Spark Standalone Mode

Since the startup I work with is fairly small, I was given the task of building the data infrastructure for it. The first thing was to create a cluster, so that we can run our algorithms on a distributed environment.

For cloud we had some options to choose from Microsoft Azure, AWS, Digital Ocean and Google cloud. 
Since there is not much difference in the rates bewteen different providers and since aws support is also top notch we decided to go with AWS. For digital ocean we considered it as an option because of the credits we had. AWS has some products that we will definetly gonna use in future so it was making perfect sense for us to go with AWS. Which ever provider you choose all are good just the use case is important. If you are going to use Microsoft technologies and tools then Azure is better for you. If you want to go with a little cheaper option Google cloud is good and reliable.

Once decided on cloud provider, I had to decide between Hadoop and Spark. I would say Spark and Hadoop complements each other more then competing with one another. You can use YARN and HDFS which were developed for Hadoop with Spark too.

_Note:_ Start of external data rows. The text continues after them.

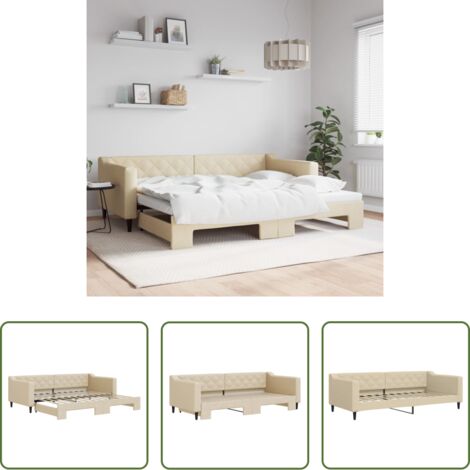 Letto estraibile -  Divano Letto con Letto Estraibile Crema 90x200 cm in Tessuto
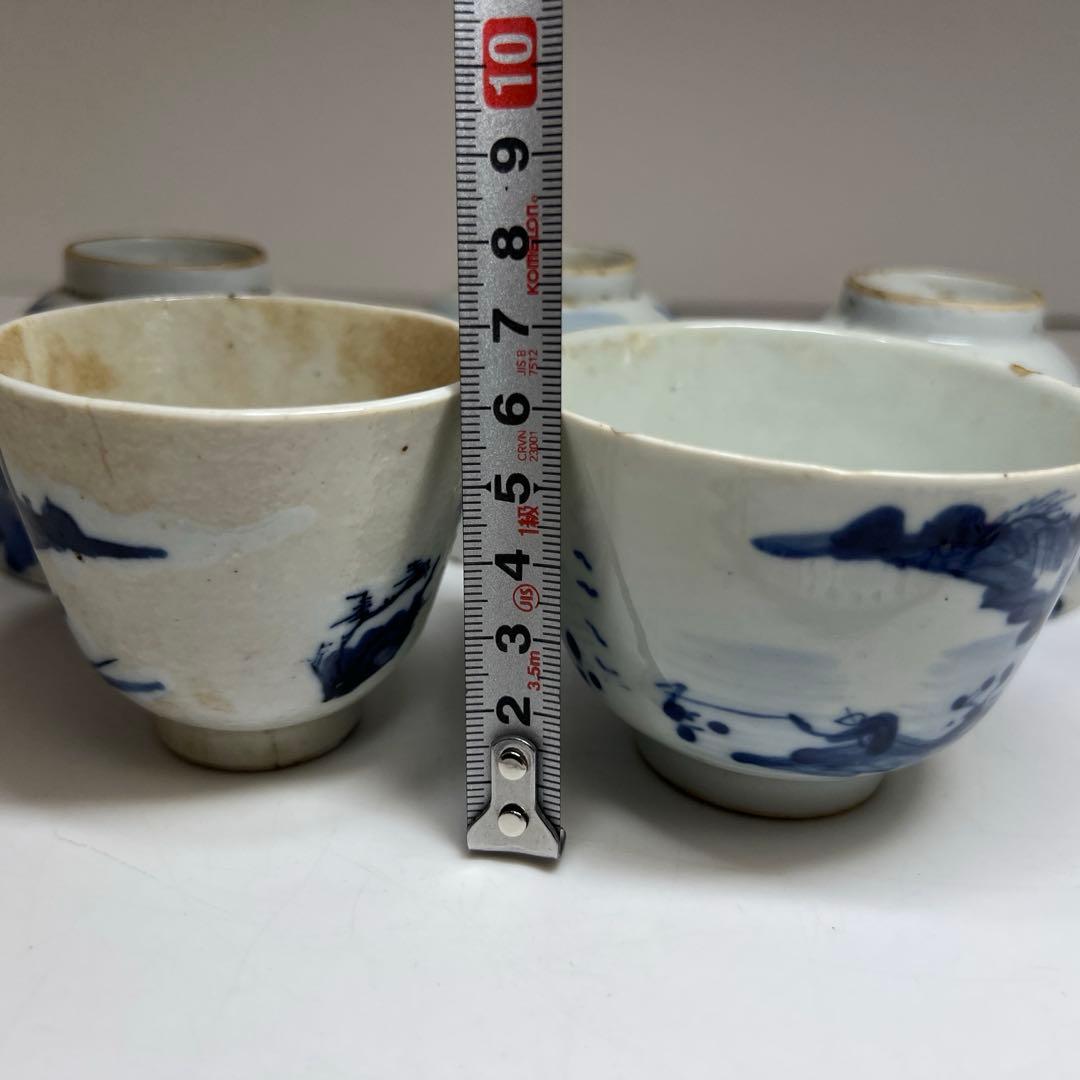 中国清朝時代 新渡青花煎茶碗5点 木箱付 東Y7-1003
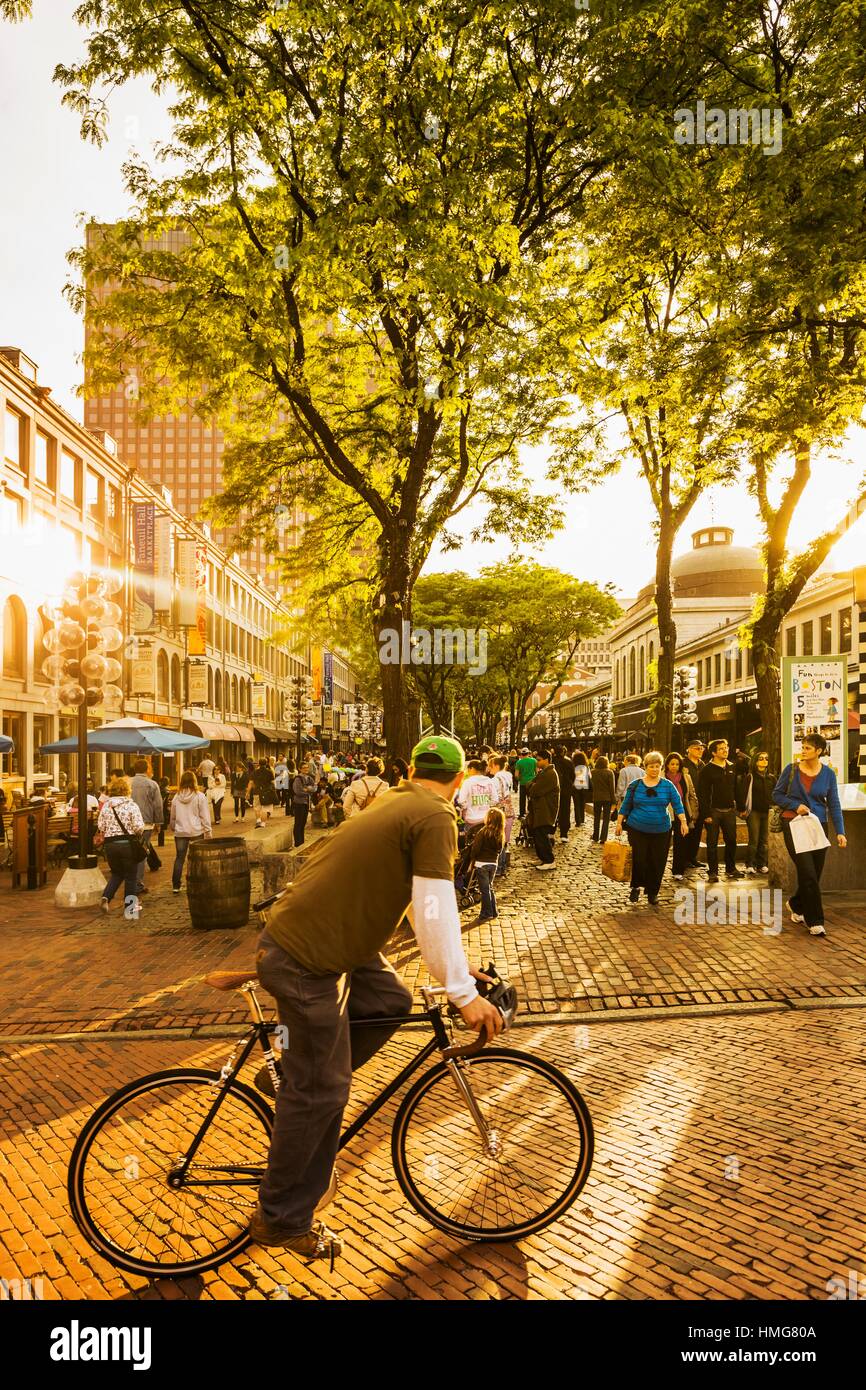 USA, Massachusetts, Boston. Bicycle in Faneuil Hall Marketplace (known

When it comes to best for our use case we opted for Spark because to its inmemory computation Benchmark Apache Spark is much faster then Hadoop, also Spark comes bundeled with a ML Library which has pretty good collection of ML algorithms, Graph Computation framework, Streaming and SQL library. Another factor that worked in sparks favour was its ability to integrate R whihc is currently our main language for writing ML algorithms. Spark was developed for extending MR paradigm to iterative and interactive jobs.